## What needs to be done
Report every line of the data that includes "White".

## Extracted entries
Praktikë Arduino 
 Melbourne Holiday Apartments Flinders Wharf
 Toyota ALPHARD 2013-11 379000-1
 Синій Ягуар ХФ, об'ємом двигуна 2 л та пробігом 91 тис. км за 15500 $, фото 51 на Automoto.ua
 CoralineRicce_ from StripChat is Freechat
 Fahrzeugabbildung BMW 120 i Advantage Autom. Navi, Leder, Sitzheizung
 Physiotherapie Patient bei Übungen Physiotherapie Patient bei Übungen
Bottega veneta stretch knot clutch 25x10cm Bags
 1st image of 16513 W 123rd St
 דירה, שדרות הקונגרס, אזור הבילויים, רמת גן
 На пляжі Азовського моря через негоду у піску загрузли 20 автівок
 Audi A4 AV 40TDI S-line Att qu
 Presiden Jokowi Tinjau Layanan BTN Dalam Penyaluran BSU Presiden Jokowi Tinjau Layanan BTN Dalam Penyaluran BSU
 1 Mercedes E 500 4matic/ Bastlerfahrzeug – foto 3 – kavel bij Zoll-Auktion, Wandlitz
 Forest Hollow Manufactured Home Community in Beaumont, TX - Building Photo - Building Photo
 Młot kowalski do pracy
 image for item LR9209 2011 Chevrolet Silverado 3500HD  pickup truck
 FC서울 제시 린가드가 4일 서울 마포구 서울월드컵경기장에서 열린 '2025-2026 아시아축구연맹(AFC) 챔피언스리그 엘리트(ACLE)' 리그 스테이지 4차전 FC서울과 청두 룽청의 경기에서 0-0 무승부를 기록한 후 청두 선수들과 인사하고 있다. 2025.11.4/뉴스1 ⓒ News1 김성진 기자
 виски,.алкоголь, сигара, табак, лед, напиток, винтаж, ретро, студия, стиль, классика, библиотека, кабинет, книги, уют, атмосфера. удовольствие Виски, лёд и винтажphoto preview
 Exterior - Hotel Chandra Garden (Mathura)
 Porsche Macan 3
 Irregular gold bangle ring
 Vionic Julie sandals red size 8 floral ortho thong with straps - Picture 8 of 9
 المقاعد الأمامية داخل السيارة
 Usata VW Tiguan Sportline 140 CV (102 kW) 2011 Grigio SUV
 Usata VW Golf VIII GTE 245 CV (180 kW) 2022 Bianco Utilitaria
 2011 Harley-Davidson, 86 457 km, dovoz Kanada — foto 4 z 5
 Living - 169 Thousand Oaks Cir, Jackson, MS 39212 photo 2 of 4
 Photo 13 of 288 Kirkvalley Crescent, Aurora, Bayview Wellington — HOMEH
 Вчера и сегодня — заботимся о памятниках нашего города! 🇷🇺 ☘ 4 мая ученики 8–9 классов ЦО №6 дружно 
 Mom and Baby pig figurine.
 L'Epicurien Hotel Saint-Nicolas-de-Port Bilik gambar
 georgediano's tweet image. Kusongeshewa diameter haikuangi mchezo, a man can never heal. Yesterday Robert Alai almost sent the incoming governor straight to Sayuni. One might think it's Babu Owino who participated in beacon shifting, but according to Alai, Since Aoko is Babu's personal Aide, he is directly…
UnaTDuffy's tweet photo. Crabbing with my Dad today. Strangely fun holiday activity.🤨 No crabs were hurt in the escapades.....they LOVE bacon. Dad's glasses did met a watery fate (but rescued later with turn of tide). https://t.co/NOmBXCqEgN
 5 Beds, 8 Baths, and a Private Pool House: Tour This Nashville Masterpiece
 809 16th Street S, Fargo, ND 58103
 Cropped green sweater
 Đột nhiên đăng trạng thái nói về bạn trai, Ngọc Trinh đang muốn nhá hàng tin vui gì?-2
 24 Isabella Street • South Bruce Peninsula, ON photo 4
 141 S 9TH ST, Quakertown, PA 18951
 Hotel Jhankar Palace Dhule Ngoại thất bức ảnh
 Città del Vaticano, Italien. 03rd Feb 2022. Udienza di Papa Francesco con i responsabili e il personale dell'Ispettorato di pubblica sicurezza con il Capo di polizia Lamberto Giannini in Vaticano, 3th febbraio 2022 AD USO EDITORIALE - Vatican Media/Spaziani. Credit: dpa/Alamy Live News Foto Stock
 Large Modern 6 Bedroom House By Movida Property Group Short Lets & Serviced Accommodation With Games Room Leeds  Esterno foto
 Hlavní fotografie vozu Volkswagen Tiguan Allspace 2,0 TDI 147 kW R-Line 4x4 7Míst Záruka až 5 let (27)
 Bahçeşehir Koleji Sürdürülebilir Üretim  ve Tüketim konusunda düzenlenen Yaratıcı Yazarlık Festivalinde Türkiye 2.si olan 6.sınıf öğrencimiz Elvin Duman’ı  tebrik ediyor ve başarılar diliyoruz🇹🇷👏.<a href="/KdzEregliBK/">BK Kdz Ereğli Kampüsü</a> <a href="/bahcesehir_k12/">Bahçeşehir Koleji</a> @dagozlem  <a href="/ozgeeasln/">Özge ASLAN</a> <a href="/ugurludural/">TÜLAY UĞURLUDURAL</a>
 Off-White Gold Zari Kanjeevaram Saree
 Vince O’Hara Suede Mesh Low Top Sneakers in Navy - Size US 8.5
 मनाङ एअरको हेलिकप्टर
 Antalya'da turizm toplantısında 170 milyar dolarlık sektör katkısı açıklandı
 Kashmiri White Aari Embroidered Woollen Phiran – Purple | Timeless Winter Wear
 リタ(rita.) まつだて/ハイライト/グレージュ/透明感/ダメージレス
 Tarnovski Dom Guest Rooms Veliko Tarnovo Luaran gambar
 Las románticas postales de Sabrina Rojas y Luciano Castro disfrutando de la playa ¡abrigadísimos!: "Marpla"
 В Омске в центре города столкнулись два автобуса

## Result of this task
 Off-White Gold Zari Kanjeevaram Saree
 Kashmiri White Aari Embroidered Woollen Phiran – Purple | Timeless Winter Wear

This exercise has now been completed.